Mary Berg, Livestock Environmental Management Specialist, Carrington Research Extension Center

Emily Kline, Livestock Environmental Management Specialist, Carrington Research Extension Center

This publication complements information available in NDSU Extension publication NM-1297, “Producers Guide to Livestock Manure Management Systems.” NM-1297 is a more in-depth look at the planning and construction phase of manure management systems for animal feeding operations (AFOs).

For further clarification on any topics referenced in this publication, please refer to the “Beef Housing and Equipment Handbook” (MWPS 6), “Livestock Waste Facilities Handbook” (MWPS 18) or the NDSU Extension Service.

Regulatory Requirements

All AFOs, regardless of size, must abide by the Federal Clean Water Act and North Dakota Century Code, which both prohibit discharging pollutants into “waters of the state” or to a location where pollutants are likely to enter those waters. Waters of the state in North Dakota include lakes, rivers, streams, sloughs and gullies. North Dakota also has odor regulations that pertain to AFOs.

Regulation of AFOs in North Dakota is the responsibility of the North Dakota Department of Health, as well as local governments. Local governments have the right to regulate the nature and scope of an animal feeding operation. Regulations vary across the state, depending on the level of animal feeding operation ordinances adopted by the entity. Therefore, having all feedlot owners/operators become familiar with their local county and township policies is imperative.

For more information on the level of risk a site has for impacting waters of the state, consult NDSU Extension publication NM-1284, “Assessment Tool for New or Existing Animal Feeding Operations.”

Space Requirements

Table 1 summarizes the pen and area requirements for cattle in a range of weight classes (from MWPS 18).

Increasing pen space per head beyond adequate may increase the size of runoff containment beyond economical or manageable size.

Sizing pens and barns


Pens should drain freely to prevent boggy conditions in spring, yet should not be so steep that the surface erodes or the manure washes from the pens. Manure is easier to handle scraped up as a solid than as a sludge or liquid. The optimum slope for pens is between 2 percent and 6 percent. Pens should slope away from the feed bunk and roadway. Keep pen length to less than 250 feet to control erosion (the steeper the slope, the shorter the pen should be).

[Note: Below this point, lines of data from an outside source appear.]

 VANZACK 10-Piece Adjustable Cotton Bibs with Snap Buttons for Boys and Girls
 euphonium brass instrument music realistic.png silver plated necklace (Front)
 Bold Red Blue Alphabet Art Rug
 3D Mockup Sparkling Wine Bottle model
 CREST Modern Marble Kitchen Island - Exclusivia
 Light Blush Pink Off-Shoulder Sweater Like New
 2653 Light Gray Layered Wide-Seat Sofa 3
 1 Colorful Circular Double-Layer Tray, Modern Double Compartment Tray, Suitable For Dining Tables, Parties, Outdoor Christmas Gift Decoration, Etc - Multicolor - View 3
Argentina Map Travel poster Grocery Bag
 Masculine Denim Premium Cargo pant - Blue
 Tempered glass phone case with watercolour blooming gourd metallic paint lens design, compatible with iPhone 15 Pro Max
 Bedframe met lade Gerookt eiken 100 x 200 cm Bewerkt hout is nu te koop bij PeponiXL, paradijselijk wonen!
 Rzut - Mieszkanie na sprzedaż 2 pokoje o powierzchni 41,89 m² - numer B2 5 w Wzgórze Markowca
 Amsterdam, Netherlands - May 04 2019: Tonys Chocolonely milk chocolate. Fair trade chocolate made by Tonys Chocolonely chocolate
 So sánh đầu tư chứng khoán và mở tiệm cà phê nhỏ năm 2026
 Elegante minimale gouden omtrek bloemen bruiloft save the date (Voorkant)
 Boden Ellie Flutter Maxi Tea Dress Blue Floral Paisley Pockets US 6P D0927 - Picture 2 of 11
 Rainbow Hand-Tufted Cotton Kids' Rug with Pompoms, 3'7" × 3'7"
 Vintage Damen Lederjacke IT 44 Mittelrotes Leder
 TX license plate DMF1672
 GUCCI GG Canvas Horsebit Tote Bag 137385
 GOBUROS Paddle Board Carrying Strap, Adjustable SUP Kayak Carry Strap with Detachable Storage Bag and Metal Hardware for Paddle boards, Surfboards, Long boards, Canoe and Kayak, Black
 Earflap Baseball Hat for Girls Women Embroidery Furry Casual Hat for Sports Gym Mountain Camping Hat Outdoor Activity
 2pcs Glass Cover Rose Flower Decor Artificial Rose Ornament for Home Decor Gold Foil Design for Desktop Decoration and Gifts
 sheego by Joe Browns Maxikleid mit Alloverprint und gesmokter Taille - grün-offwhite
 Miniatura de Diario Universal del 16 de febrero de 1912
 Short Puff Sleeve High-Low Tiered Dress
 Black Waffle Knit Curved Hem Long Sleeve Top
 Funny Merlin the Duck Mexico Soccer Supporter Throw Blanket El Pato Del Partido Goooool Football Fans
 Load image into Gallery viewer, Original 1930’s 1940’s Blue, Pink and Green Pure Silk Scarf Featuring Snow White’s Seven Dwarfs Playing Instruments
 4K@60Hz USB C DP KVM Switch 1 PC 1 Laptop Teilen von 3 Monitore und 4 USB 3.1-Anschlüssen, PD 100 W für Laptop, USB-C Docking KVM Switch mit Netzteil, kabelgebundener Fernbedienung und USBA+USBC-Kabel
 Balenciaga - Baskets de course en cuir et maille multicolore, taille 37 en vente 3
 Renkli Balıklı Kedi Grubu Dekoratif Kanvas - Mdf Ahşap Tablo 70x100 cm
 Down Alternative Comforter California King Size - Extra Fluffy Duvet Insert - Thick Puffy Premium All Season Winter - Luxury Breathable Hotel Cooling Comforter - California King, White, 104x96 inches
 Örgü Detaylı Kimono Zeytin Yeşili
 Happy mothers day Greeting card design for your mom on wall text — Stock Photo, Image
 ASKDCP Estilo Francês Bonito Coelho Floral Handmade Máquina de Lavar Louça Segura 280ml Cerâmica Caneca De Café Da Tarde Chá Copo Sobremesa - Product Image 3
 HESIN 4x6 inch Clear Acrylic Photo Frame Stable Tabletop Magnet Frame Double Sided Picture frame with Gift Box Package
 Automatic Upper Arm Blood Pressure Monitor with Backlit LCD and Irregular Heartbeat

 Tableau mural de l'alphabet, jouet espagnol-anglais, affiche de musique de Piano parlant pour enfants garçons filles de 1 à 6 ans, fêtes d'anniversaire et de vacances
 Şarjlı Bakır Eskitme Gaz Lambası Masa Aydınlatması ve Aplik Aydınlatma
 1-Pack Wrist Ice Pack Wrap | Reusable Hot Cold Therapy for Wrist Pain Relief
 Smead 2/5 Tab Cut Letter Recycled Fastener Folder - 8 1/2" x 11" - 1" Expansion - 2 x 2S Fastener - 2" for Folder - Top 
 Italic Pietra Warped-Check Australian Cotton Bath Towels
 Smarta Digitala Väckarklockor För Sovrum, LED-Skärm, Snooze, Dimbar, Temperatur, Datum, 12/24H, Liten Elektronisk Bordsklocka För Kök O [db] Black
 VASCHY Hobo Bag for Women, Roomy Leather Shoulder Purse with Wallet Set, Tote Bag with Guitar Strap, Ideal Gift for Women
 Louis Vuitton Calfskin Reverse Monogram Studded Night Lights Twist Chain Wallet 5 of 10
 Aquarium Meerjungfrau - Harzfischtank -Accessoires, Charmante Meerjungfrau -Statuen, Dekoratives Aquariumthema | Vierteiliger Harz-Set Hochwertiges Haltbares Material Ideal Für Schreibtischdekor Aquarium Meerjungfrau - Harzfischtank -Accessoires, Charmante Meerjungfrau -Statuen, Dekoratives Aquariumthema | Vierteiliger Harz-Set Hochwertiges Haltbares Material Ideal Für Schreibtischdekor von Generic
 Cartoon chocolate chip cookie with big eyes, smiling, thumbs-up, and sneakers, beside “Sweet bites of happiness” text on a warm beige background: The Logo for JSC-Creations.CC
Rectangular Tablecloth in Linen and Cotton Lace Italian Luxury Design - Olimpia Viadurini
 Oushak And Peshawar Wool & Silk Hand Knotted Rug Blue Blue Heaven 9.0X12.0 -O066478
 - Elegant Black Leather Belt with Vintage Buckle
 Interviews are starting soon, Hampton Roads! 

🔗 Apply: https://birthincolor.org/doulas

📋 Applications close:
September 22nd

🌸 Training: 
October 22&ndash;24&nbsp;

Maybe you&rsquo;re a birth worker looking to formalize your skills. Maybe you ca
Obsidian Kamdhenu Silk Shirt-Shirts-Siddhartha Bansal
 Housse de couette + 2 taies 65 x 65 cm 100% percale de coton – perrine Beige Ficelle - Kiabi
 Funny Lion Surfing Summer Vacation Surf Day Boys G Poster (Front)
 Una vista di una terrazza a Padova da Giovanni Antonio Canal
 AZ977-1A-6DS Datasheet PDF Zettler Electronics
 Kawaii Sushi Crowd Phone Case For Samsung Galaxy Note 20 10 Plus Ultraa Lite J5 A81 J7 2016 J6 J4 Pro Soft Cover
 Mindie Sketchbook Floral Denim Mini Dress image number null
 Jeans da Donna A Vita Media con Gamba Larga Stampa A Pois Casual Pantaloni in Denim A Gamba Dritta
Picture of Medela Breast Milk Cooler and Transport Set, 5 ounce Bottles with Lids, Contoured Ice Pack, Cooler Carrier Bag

Pen slope affects pen size in open lots. Minimum requirements are 150 to 250 feet2/head (ft2/hd), with 4 percent or greater slopes, and 250 to 400 ft2/hd, with 2 to 4 percent slopes. To compensate for slower drainage, pens require more space with less slope.

Collection drains should be outside the pen and sloped at less than 1 percent. Below-pen drains usually are 0.5 percent to 0.75 percent, while main drains are 0.2 percent to 0.5 percent. Drains designed to separate solids from the runoff stream may require slopes between 0.1 percent and 0.3 percent. Alternatively, a settling basin or solid separator can be constructed.

Bunk Space

Table 2 summarizes the bunk space requirements for various sizes of animals (from MWPS-6).

Bunk space requirements

Table 2. Bunk space requirements.

Feed bunks can be wooden or concrete, while none are needed for ground feeding. When selecting a bunk type, take into account manure buildup, drainage, snow accumulation, clean out and preferred feeding style.


Heavy-use Areas

Feed alleys and aprons around feed bunks and waterers need to be designed to withstand heavy use. They can be concrete, gravel, pavement or fly ash compounds. Typically, heavy-use pads are 10 to 12 feet wide along feed bunks and around waterers. Equipment width, as well as drainage and snow accumulation, needs to be taken into account when deciding the width of feed alleys.

Soil Type

Soil types should match the requirements of the activities in the feeding operation.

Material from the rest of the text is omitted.